For each \(S_{l}\) there is a corresponding subset of R. Let this be denoted by \(T_{l}\).

$$T_{l} \subseteq R, l=1,\ldots ,L$$
(4)

For any given landmark, k, let \(v_{ik}= f(u_{ik})\) denote the trajectory of the facial landmark in response to the challenge. Since the trajectory of the challenge \(S_{l}\) is horizontal, a horizontal response can be assumed and this may be approximated by the equation of a horizontal line.

$$\hat{v}_{k}=b_{k} \quad \hbox {where}\, b_{k}\,\hbox {is a constant}$$
(5)

The particular value of \(b_{k}\) depends on the system set-up. Let, \(e_{ik}\) denote the deviation between the estimated \(\hat{v}_{ik}\) and observed \(v_{ik}\) (see Fig. 4), i.e.

$$e_{ik}=v_{ik} -\hat{v}_{ik}$$
(6)
Fig. 4
figure 4

Observed locations (bullet symbols) and expected locus of the landmark positions (dash symbols)

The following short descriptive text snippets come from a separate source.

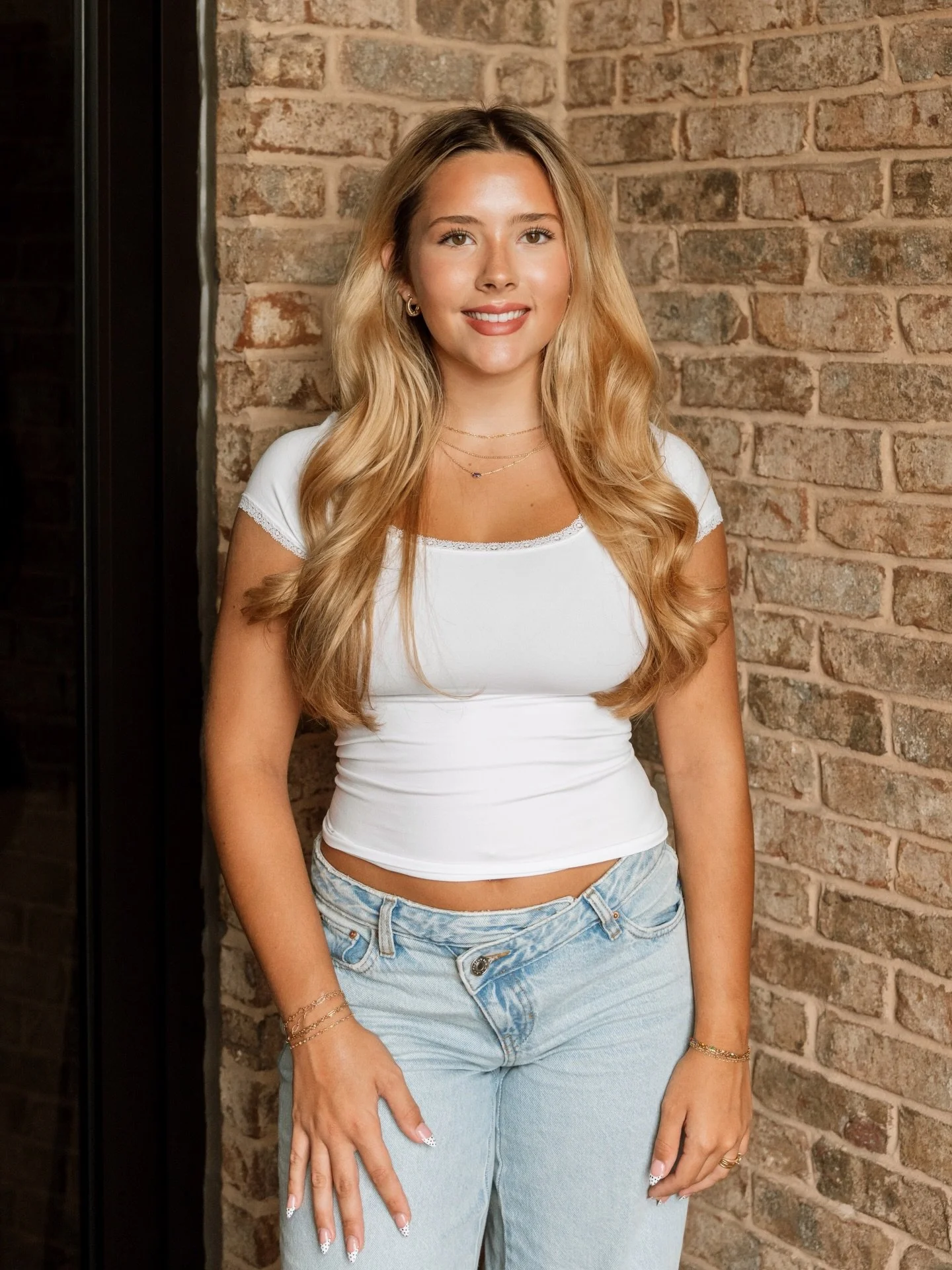 HAPPY BIRTHDAY TO OUR LITTLE BLYTHE!!!🍒🔥🎂

#19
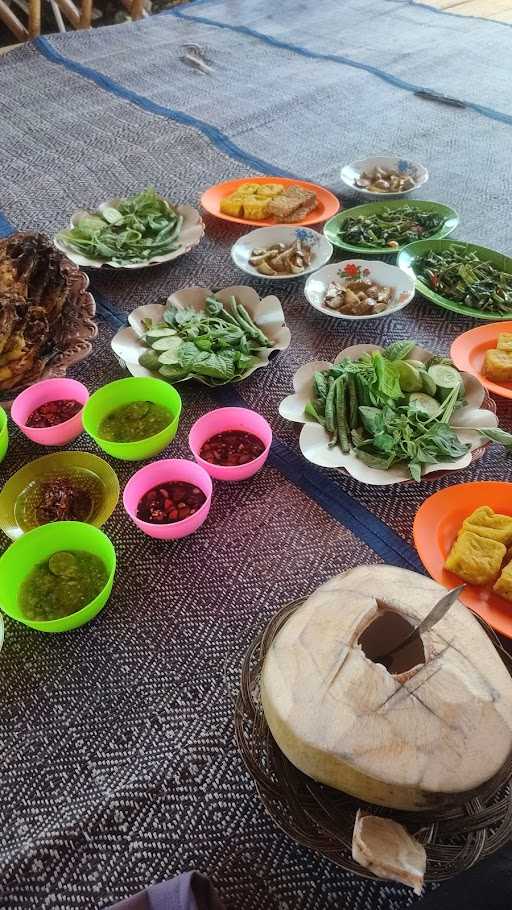 Warung Nasi Pawon Ema 4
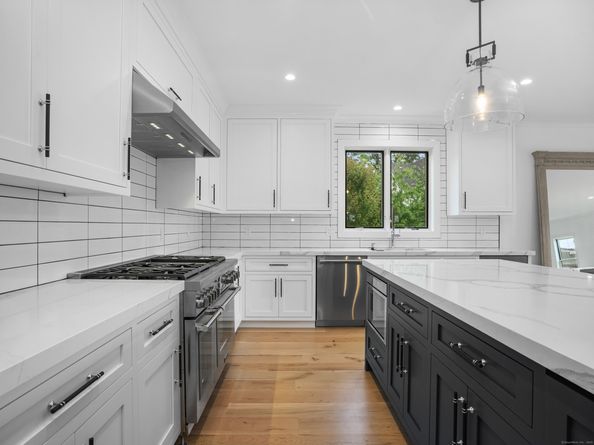 345 Reef Road C9, Fairfield CT 06824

For simple horizontal collinearity, \(\hat{v}_{ik}\) is calculated as the mean of the observed \(v_{ik}\). So, the mean square error (MSE) for \(T_{l}\) will be

$$E_{lk}=\frac{1}{N} \sum \limits _{i} {e^2_{ik}} = \frac{1}{N} \sum \limits _{i} {(v_{ik}-\hat{v}_{ik})^2}$$
(7)

where N is the cardinality of \(T_{l}\). A similar expression can be derived when the challenge is vertically aligned. A generalized form of the expression for collinearity feature along any straight line is given in “Appendix”. As there are multiple face landmarks as well as several stimulus challenge trajectories, a feature vector, \(F_{{\rm colin}}\), can be constructed from the concatenation of these MSE values (and optionally other feature values) and used for liveness detection.

$$F_{{\rm colin}}=[E_{11},E_{12},\ldots ,E_{1K},E_{21},\ldots ,E_{ik},\ldots ,E_{LK}]$$
(8)

3.4 Colocation features

The colocation features are extracted from the images acquired when the stimulus is presented at a given location several times. This stimulus can be considered as a special case of collinear trajectory where the line is reduced to a single point. Since the coordinates of the stimulus are identical, it can, therefore, be expected that the coordinates of the facial landmarks in the corresponding frames should also be closely spaced if not coincident. This should result in a significantly smaller variance in the observed landmark coordinates in genuine attempts than that in fake attempts.

Figure 5 illustrates the observed coordinates \((u_{ik},v_{ik})\) of a given landmark k in response to the stimulus presented at the same location at different times. To quantify the deviation from perfect colocation, the variances in the observed landmarks are calculated.

Fig. 5
figure 5

Observed (bullet symbols) and expected (asterisk) landmark positions

Let \(Q_{w}\) be a subset of P where the stimuli appeared at the same location \(c_{w}\) on the screen at different times.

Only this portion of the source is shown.